## [What you will do]
Return all the entries exactly, keeping pictures out.

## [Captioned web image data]

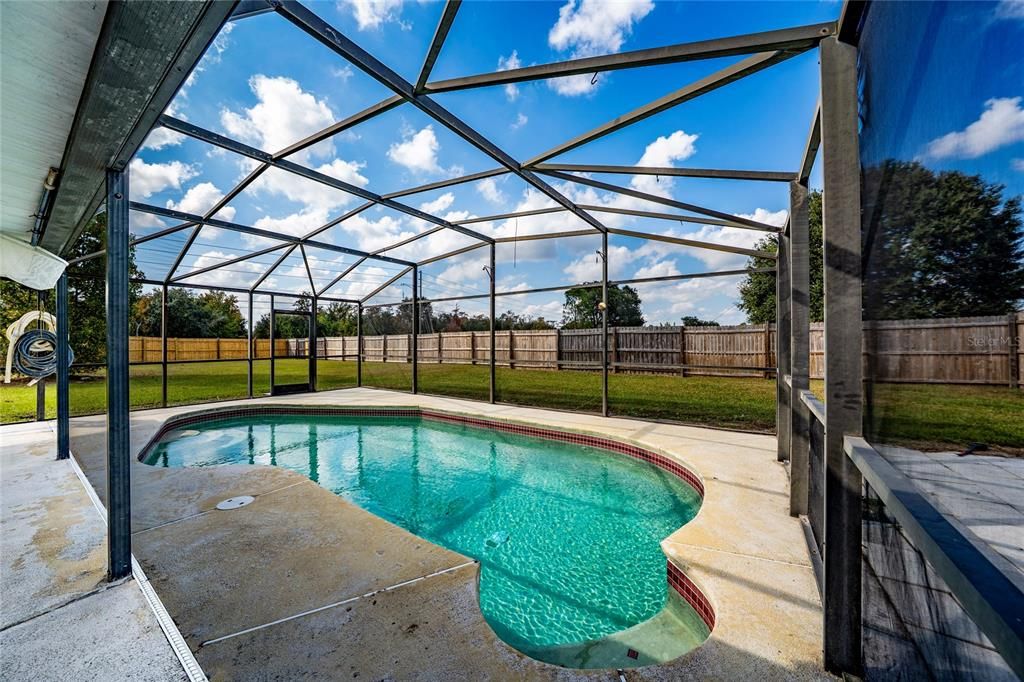 For Sale: $324,000 (4 beds, 2 baths, 1390 Square Feet)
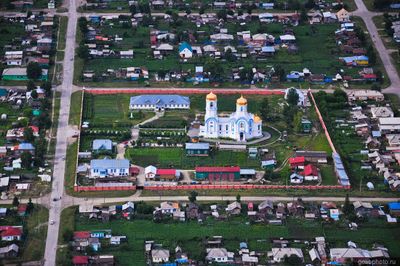 Покровский Александро-Невский женский монастырь в Колывани фото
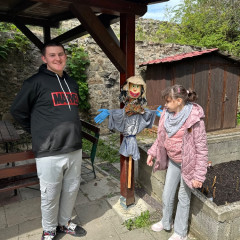 Čarodějnická plotovka na naší školní zahradě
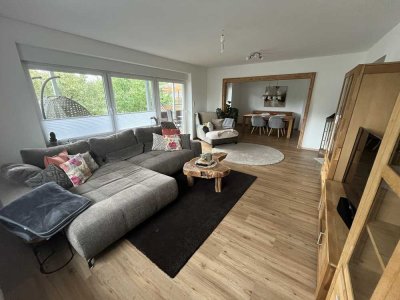 Modernisierte schöne 3,5-Zimmer-Wohnung mit zwei Balkonen und Einbauküche in Kaltenweide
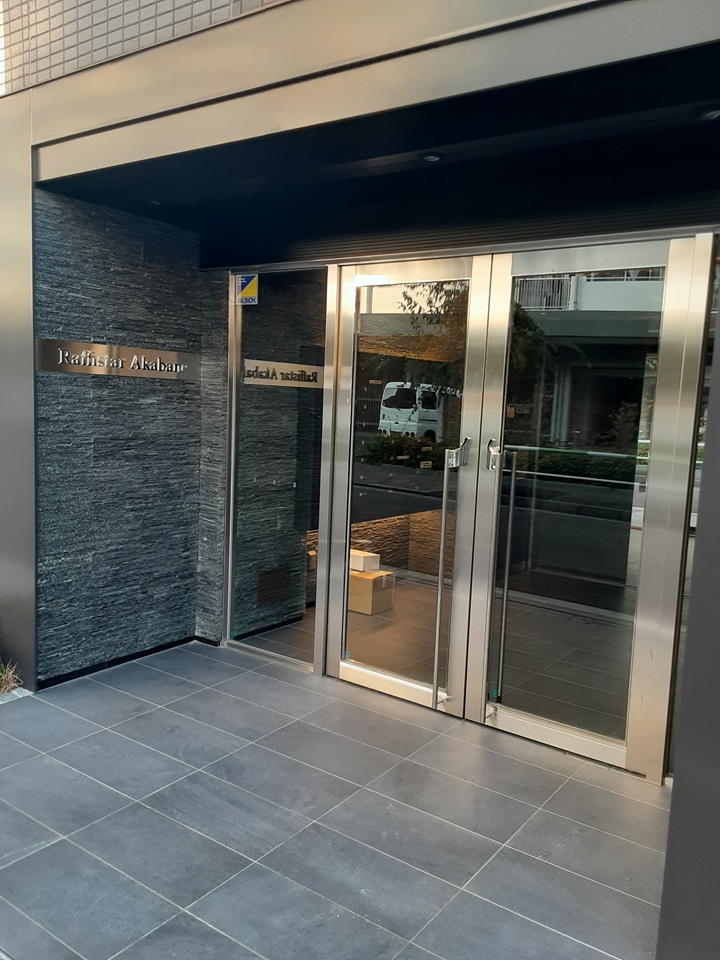 24/29 エントランス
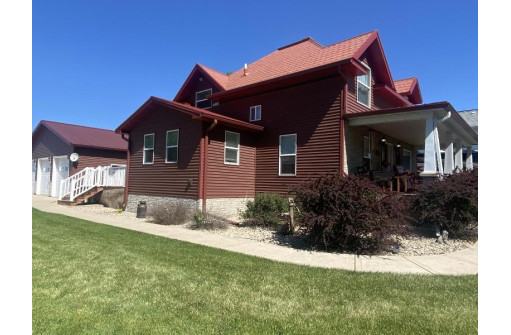 405 Hughit St, Rewey, WI 53580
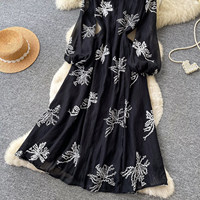 Robe longue élégante pour femme avec col en perles, manches bouffantes, coupe trapèze, broderie florale et ceinture, idéale pour le quotidien et les soirées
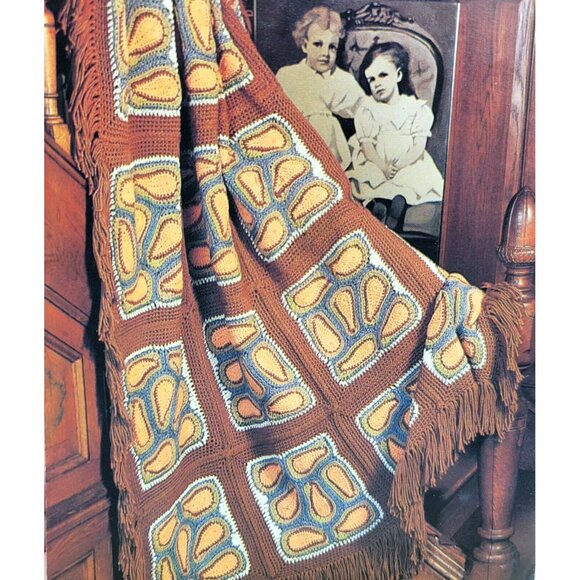 Crochet Patterns Afghans Blankets Throws Beanies Slouchy Hat Mixed Lot of 12 - Picture 9 of 12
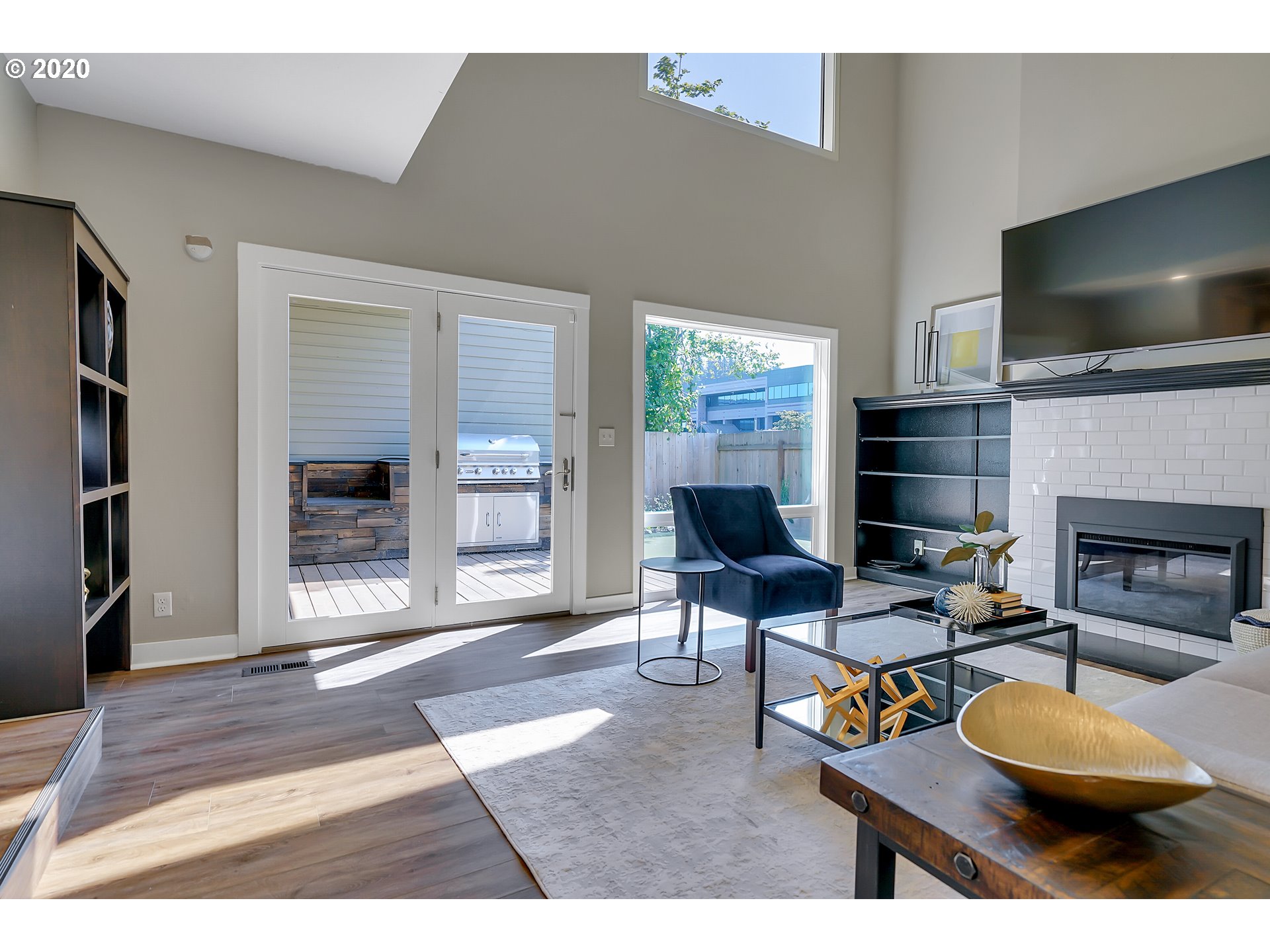 329 Country Club Road Eugene, OR 97401 - Photo 4 of 32 Gallery Image 4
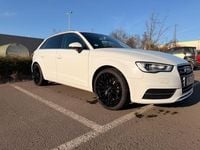 Gebraucht Audi A3 Ambiente 150 PS (110 kW) 2014 Weiß Limousine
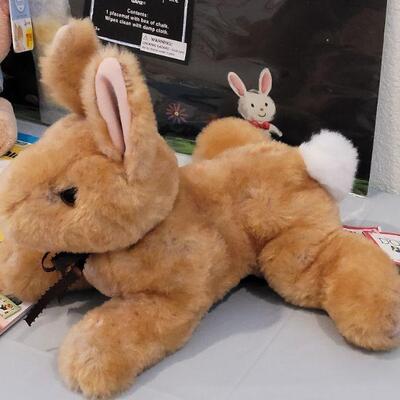 Lot 379: New Peeps Easter Bucket with Precious Moments Prayer Bear, Douglas Rabbit, Activity Pads, Slinky,  Sculpt n Soap &...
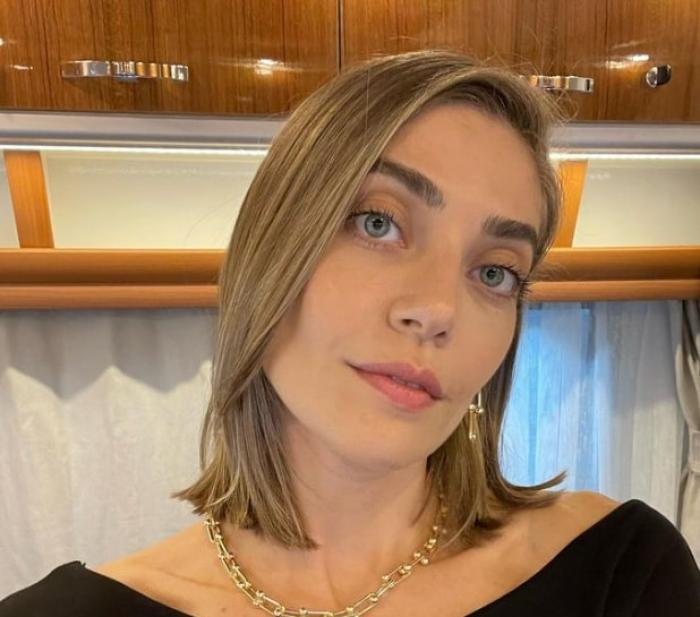 actrița poartă părul scurt și blond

## [Answer]
 For Sale: $324,000 (4 beds, 2 baths, 1390 Square Feet)
 Покровский Александро-Невский женский монастырь в Колывани фото
 Čarodějnická plotovka na naší školní zahradě
 Modernisierte schöne 3,5-Zimmer-Wohnung mit zwei Balkonen und Einbauküche in Kaltenweide
 24/29 エントランス
 405 Hughit St, Rewey, WI 53580
 Robe longue élégante pour femme avec col en perles, manches bouffantes, coupe trapèze, broderie florale et ceinture, idéale pour le quotidien et les soirées
 Crochet Patterns Afghans Blankets Throws Beanies Slouchy Hat Mixed Lot of 12 - Picture 9 of 12
 329 Country Club Road Eugene, OR 97401 - Photo 4 of 32 Gallery Image 4
 Gebraucht Audi A3 Ambiente 150 PS (110 kW) 2014 Weiß Limousine
 Lot 379: New Peeps Easter Bucket with Precious Moments Prayer Bear, Douglas Rabbit, Activity Pads, Slinky,  Sculpt n Soap &...
 actrița poartă părul scurt și blond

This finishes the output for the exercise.